§ **Instructions to follow**
Among the entries below, please repeat exactly and only the lines from the line containing "Half-Life: Enriched - Screenshot" to the line containing "MERCEDES-BENZ GLC 220", both lines included.

Short descriptive text snippets
● ● ● ● ●

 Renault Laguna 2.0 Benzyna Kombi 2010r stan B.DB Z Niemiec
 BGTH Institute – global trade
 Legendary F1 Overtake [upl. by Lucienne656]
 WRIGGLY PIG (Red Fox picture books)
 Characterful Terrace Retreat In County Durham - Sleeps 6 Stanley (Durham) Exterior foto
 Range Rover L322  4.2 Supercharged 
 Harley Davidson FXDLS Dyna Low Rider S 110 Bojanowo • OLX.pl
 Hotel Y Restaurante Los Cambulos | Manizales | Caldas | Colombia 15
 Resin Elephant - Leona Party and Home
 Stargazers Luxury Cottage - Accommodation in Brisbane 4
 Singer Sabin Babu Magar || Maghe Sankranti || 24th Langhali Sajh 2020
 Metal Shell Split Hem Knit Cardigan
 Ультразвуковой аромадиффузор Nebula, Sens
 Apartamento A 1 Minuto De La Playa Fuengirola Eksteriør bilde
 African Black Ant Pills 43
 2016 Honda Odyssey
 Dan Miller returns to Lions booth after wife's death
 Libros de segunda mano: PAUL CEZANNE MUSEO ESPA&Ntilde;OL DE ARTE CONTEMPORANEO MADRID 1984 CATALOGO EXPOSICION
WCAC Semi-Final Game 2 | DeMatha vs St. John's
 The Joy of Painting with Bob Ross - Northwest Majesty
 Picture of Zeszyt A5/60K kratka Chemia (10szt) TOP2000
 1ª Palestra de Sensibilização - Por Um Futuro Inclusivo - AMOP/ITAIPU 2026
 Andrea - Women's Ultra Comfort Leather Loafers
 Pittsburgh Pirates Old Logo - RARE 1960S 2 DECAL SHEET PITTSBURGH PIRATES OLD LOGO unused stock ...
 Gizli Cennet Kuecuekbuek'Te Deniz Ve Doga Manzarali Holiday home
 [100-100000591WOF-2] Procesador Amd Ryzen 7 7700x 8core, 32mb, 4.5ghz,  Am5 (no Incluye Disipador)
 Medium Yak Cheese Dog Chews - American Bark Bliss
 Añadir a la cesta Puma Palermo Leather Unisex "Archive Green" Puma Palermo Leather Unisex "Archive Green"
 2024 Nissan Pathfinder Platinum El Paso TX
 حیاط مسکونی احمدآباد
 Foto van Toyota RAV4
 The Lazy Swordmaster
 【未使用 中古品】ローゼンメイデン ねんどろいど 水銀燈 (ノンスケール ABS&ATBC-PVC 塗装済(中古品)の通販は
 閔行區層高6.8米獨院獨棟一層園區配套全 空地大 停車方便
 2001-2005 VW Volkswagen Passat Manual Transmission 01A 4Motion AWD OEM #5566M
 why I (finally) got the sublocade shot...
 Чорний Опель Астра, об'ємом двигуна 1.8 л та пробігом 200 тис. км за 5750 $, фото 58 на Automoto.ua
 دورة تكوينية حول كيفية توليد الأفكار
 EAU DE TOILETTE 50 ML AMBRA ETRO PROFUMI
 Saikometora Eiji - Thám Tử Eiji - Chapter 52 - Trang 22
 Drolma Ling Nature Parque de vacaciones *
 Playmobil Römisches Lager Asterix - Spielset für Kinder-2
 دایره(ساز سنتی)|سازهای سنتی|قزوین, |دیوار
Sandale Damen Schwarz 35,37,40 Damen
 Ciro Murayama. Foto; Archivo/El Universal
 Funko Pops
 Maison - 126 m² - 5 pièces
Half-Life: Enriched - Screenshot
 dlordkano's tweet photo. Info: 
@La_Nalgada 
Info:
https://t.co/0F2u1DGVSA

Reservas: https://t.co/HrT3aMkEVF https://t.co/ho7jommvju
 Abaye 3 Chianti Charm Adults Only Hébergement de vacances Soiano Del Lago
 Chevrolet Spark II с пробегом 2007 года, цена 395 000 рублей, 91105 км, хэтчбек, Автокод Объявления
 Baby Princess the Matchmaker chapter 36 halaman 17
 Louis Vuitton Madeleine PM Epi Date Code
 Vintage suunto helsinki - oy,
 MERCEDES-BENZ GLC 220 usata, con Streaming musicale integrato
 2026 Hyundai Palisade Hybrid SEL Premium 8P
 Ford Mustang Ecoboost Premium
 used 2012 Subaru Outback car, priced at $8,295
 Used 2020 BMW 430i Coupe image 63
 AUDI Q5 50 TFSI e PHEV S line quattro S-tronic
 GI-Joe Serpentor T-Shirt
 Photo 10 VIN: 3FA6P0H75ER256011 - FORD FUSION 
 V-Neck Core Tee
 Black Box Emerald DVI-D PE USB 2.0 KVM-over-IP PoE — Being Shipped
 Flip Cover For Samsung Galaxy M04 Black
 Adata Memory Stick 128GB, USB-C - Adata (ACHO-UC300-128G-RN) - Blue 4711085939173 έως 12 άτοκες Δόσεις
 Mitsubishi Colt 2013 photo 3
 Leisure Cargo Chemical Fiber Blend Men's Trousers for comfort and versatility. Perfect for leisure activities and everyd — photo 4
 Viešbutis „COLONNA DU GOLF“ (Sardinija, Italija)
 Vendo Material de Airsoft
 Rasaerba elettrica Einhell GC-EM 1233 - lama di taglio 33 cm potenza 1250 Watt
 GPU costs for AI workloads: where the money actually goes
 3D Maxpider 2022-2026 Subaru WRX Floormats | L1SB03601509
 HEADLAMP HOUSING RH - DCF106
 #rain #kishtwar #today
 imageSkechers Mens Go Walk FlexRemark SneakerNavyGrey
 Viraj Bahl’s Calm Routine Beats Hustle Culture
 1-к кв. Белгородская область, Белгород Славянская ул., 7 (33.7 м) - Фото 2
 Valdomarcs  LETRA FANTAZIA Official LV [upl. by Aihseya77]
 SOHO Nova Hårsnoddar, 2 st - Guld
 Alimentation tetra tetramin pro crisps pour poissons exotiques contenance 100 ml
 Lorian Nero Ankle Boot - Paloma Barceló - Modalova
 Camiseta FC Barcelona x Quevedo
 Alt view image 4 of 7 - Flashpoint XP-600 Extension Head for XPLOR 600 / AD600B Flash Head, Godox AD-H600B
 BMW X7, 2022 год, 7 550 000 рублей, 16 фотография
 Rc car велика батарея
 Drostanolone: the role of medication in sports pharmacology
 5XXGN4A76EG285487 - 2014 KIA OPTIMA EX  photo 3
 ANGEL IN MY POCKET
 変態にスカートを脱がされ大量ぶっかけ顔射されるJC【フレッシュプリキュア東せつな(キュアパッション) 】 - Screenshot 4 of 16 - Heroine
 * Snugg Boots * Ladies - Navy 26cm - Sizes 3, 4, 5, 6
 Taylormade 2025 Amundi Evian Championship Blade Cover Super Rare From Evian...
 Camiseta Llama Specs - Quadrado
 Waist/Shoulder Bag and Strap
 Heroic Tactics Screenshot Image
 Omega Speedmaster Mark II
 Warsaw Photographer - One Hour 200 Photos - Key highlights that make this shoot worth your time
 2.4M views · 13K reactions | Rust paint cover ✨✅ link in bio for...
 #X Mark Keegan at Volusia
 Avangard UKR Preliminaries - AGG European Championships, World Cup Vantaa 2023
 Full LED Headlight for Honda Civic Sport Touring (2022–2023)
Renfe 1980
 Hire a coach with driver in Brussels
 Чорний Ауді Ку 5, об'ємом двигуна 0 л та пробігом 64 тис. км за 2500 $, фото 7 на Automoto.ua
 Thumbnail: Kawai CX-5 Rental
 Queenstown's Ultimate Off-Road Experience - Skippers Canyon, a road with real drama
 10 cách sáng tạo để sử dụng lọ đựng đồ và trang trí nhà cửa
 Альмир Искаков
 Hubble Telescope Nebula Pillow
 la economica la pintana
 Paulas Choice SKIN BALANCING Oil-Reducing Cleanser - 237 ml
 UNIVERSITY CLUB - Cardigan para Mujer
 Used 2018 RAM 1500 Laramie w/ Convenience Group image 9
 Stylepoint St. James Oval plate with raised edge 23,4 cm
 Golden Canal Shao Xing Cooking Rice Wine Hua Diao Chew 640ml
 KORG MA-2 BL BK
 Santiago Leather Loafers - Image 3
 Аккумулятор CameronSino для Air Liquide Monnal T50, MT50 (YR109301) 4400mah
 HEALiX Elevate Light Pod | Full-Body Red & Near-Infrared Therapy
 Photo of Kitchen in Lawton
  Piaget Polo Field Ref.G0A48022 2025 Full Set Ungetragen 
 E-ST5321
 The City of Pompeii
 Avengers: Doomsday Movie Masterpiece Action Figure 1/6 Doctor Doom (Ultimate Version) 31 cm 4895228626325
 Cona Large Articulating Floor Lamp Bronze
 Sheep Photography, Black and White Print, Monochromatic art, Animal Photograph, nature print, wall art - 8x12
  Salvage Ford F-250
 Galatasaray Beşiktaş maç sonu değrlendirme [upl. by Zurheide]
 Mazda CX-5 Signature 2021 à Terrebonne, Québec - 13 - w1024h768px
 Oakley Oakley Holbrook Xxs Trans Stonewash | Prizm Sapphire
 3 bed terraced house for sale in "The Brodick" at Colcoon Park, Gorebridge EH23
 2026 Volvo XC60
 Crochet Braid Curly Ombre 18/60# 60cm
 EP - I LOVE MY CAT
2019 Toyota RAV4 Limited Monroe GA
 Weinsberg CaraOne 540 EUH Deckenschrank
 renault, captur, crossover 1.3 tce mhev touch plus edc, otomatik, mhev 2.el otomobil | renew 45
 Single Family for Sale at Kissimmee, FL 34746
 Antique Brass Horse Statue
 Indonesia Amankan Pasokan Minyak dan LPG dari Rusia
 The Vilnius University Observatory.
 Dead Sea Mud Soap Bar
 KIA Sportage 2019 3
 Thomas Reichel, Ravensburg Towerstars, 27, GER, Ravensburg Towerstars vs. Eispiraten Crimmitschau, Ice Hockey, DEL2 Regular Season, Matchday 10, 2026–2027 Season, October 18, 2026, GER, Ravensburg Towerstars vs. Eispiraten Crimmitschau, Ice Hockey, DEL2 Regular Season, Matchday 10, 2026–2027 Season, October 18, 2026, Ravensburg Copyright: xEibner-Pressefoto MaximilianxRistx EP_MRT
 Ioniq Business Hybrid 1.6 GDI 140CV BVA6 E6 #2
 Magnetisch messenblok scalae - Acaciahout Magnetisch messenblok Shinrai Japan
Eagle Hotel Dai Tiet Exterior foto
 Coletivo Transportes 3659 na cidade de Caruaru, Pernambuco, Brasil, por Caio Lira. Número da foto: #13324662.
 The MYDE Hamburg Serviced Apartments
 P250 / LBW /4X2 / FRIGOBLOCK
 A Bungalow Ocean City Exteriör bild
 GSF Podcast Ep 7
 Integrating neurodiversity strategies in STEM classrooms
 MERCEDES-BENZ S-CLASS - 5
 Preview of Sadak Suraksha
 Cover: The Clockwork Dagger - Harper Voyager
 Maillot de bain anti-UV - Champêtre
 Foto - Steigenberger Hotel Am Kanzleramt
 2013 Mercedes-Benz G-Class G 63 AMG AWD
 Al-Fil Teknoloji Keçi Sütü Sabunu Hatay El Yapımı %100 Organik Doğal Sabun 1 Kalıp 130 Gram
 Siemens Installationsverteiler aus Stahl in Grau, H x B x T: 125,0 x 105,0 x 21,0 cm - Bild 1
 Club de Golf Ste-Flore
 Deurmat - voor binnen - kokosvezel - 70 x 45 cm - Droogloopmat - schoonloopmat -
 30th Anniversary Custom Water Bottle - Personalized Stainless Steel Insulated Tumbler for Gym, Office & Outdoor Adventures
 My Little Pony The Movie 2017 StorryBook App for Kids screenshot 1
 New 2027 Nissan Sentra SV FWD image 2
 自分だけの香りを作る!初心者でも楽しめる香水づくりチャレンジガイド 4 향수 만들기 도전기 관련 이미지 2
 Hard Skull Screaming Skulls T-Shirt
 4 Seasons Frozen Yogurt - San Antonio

● ● ● ● ●

§ **Response**
Half-Life: Enriched - Screenshot
 dlordkano's tweet photo. Info: 
@La_Nalgada 
Info:
https://t.co/0F2u1DGVSA

Reservas: https://t.co/HrT3aMkEVF https://t.co/ho7jommvju
 Abaye 3 Chianti Charm Adults Only Hébergement de vacances Soiano Del Lago
 Chevrolet Spark II с пробегом 2007 года, цена 395 000 рублей, 91105 км, хэтчбек, Автокод Объявления
 Baby Princess the Matchmaker chapter 36 halaman 17
 Louis Vuitton Madeleine PM Epi Date Code
 Vintage suunto helsinki - oy,
 MERCEDES-BENZ GLC 220 usata, con Streaming musicale integrato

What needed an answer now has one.